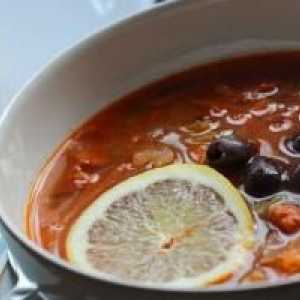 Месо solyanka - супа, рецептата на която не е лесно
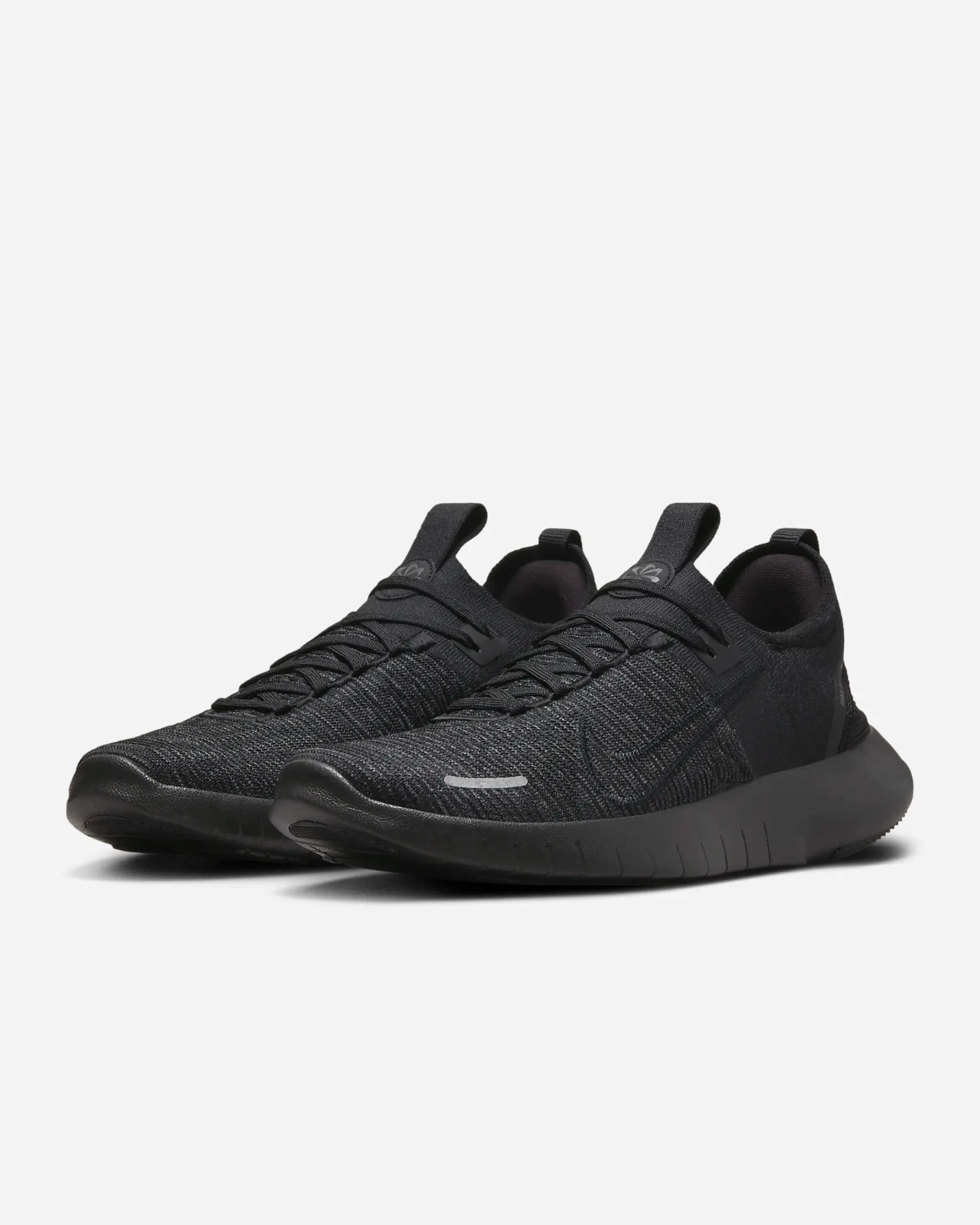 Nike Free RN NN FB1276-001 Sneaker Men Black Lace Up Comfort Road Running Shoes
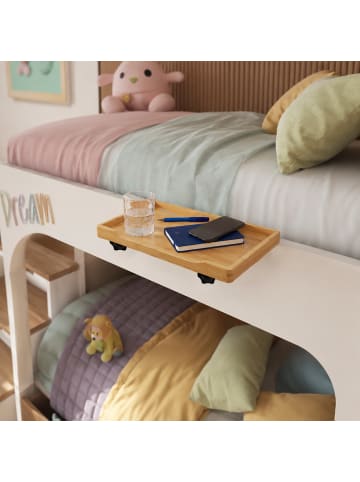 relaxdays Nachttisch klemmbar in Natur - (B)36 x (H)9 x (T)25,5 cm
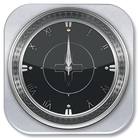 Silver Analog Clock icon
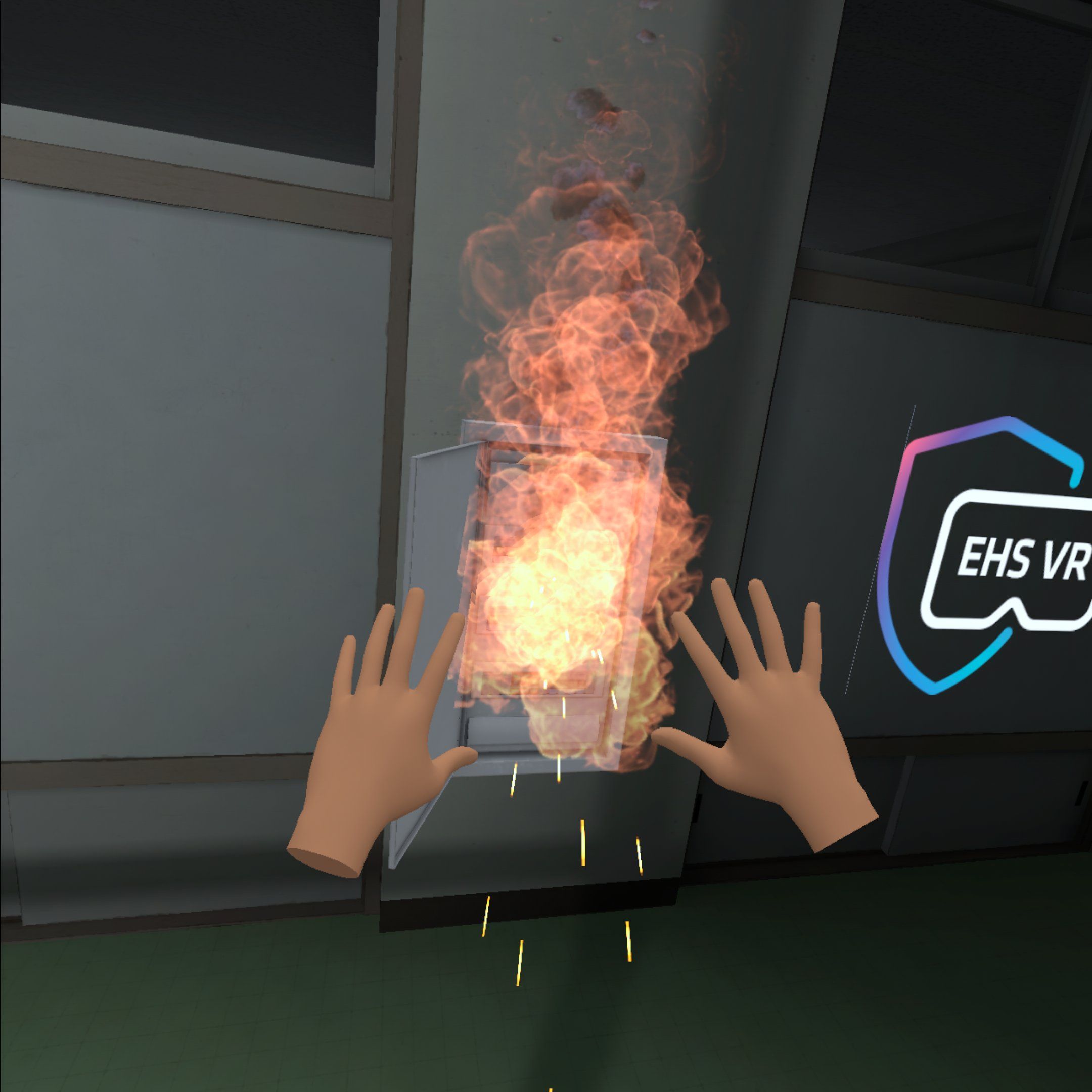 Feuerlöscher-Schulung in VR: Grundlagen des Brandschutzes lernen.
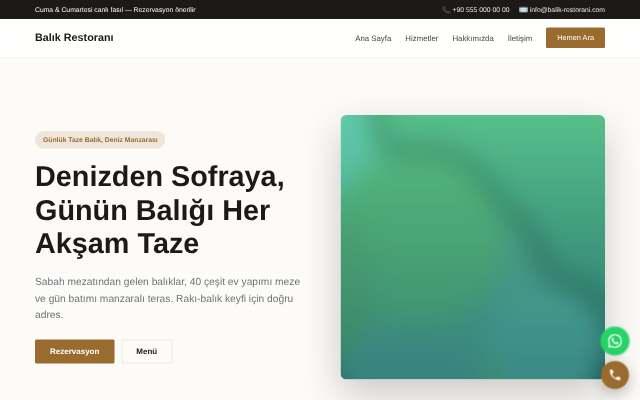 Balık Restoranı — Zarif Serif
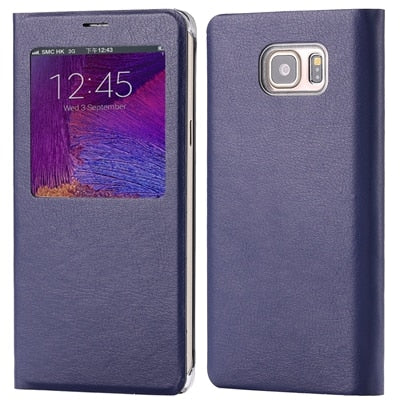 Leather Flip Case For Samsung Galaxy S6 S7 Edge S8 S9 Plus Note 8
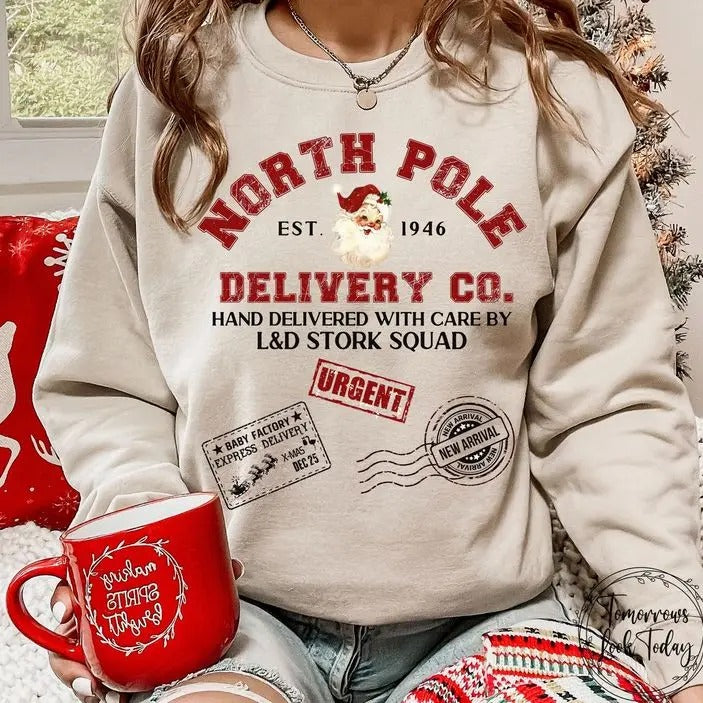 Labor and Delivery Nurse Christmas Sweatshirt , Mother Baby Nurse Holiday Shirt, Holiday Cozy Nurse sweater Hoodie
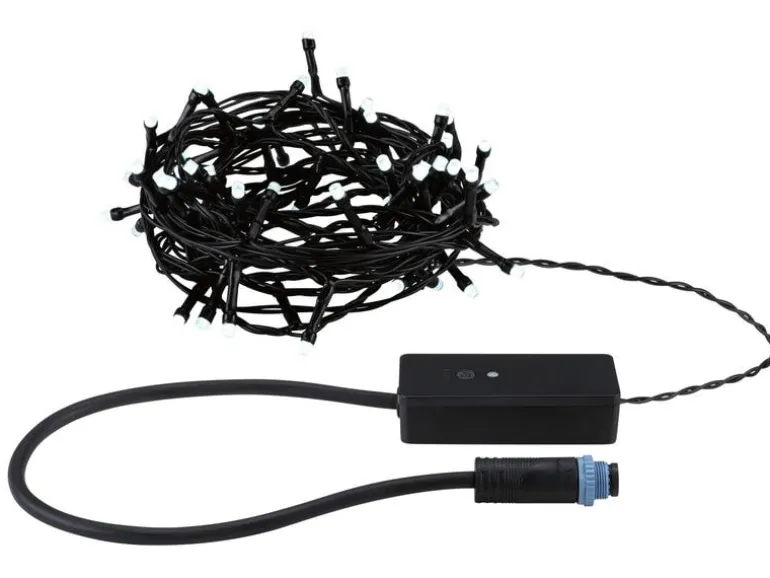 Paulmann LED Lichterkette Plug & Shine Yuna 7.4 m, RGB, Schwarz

---

● **Activity**
Write out all the entries precisely as given, omitting each image.

● **Completed exercise**
 Месо solyanka - супа, рецептата на която не е лесно
 Nike Free RN NN FB1276-001 Sneaker Men Black Lace Up Comfort Road Running Shoes
 relaxdays Nachttisch klemmbar in Natur - (B)36 x (H)9 x (T)25,5 cm
 Silver Analog Clock icon
 Feuerlöscher-Schulung in VR: Grundlagen des Brandschutzes lernen.
 Balık Restoranı — Zarif Serif
 Leather Flip Case For Samsung Galaxy S6 S7 Edge S8 S9 Plus Note 8
 Labor and Delivery Nurse Christmas Sweatshirt , Mother Baby Nurse Holiday Shirt, Holiday Cozy Nurse sweater Hoodie
 Paulmann LED Lichterkette Plug & Shine Yuna 7.4 m, RGB, Schwarz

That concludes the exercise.